2. Know what you will and won’t get good bargains for

According to Reader’s Digest, “the biggest savings are in accommodations and package vacation – not airfare.” Brian Simpson, a travel expert, states, “flights on regular scheduled airlines tend to increase in price the closer to departure you get, so last minute deals on flights are rare.” However, just because it is uncommon to find good deals for airplane tickets does not mean that you won’t be the one to come across the once in a lifetime one. Simpson goes on to say that,

“Some tour operators sell last-minute deals on charter flights, mainly to sun destinations. We’ve seen operators offer last-minute charter airfares to Florida for as low as $29 round-trip, plus taxes and fees, and to Mexico for as low as $55 round-trip, plus taxes and fees. Of course, taxes can often be in excess of $340, but even so, that’s a significant savings.”

Alongside this, it is good to know what days are best for airfare deals. In general, most people book flights for weekend departures; so being flexible to travel on a weekday (Tuesday, Wednesday, or Thursday) can significantly increase your chances of saving money (Reader’s Digest). Also, “if you’re advance booking, flying mid-week can save you hundreds of dollars per ticket” (Reader’s Digest). With that said, just because these deals are rare does not mean that they are impossible to find and get for yourself. Be sure to keep your eyes on the lookout for sweet deals and know where you potentially can save more money and where you may have to compromise in booking and buying.

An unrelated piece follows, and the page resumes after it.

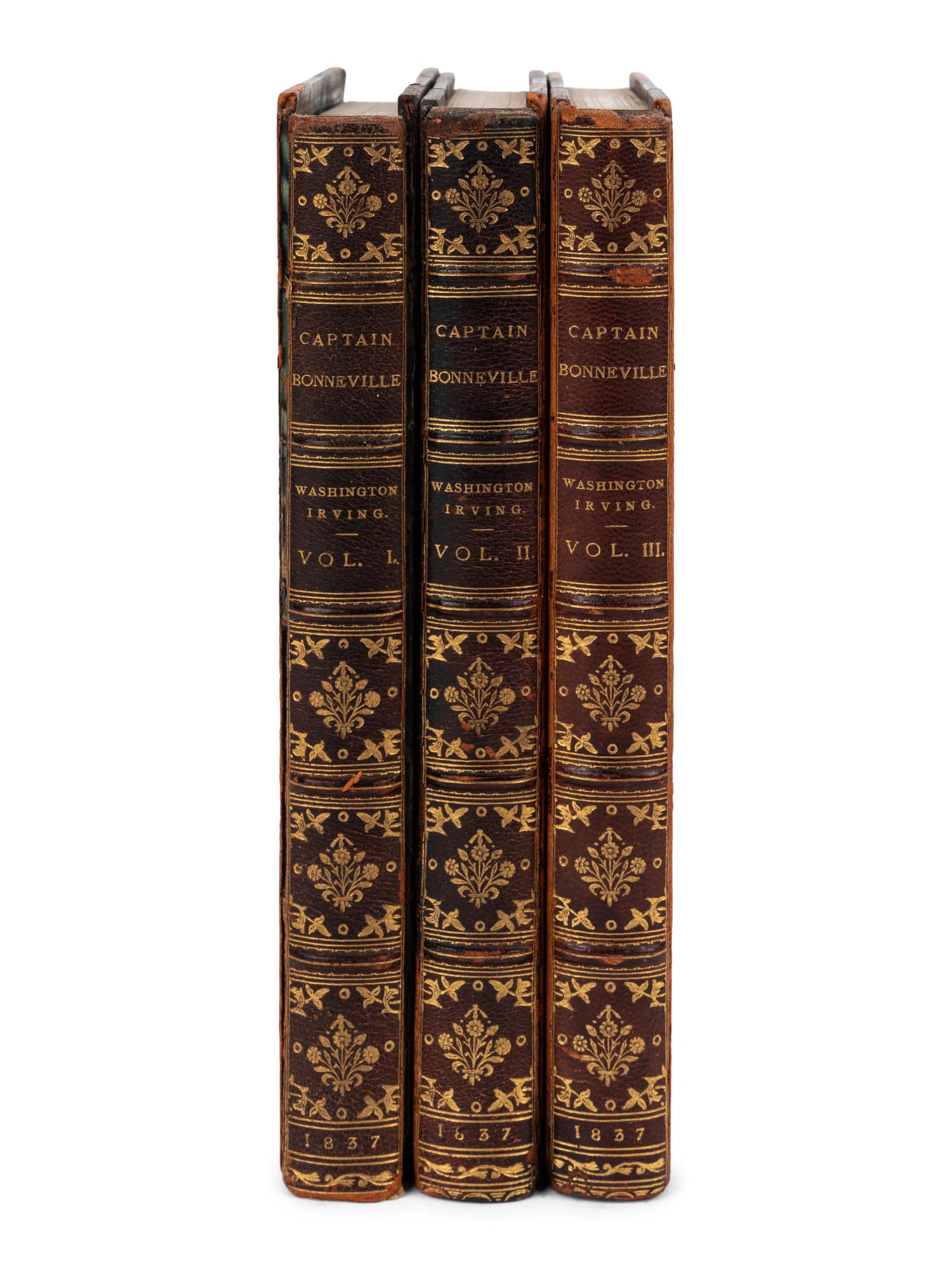 IRVING, Washington. The Adventures of Captain Bonneville. London: Richard Bentley, 1837.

3. Sources can make or break your travel

Like the large majority of information people look up online and do research on, your results depend on what sources you use. Knowing where to look, what sites are credible and what sites are wastes of your time can truly make or break your travel experience and the shot at scoring sweet savings. Reader’s Digest suggests looking on lastminute.com for savings “up to 70 percent on airfare, hotel rooms, activities and even entire packages.” Finally, sites like hopper.com, travelzoo.com, kayak.com, hoteltonight.com, lastminutetravel.com and airbnb.com help you find great deals for flights, car rentals and accommodations by entering in the dates of travel. Plus, these sites can even compare the prices to other sites so you truly get to find the best deal out there for you.

4. Be open-minded

In order for last-minute travel to be possible, you must have an open-mind. Have a long list, detail by detail, of what you want knowing that you are booking a few weeks out can significantly decrease your chance of following through with booking or create negative attitudes toward your travel time. Simpson says, “if you know exactly what you want – and will be bummed if you don’t get it – last-minute may not be right for you.” This is because last-minute travel is tailored for people who are flexible not only with dates but are also very flexible with their destination and all travel logistics, with the main thought being saving as much money as possible while also planning a great vacation. If you are set on having your vacation go a certain, specific way and you know particulars that you must have — that is great, but this is not the type of trip for you. On the other hand, if you just want to have a getaway somewhere and are open for how that will look and play out, then this is just the type of travel for you! With that said, Reader’s Digest strongly suggest to “use last-minute travel for fun trips, not crucial trips.”

Whether you have planned a last-minute trip or want to plan a getaway and you are open to all the possibilities that this would entail, think about planning a trip a few weeks before departure because you won’t only experience the adrenaline rush and spontaneity, but you can score super savings as well.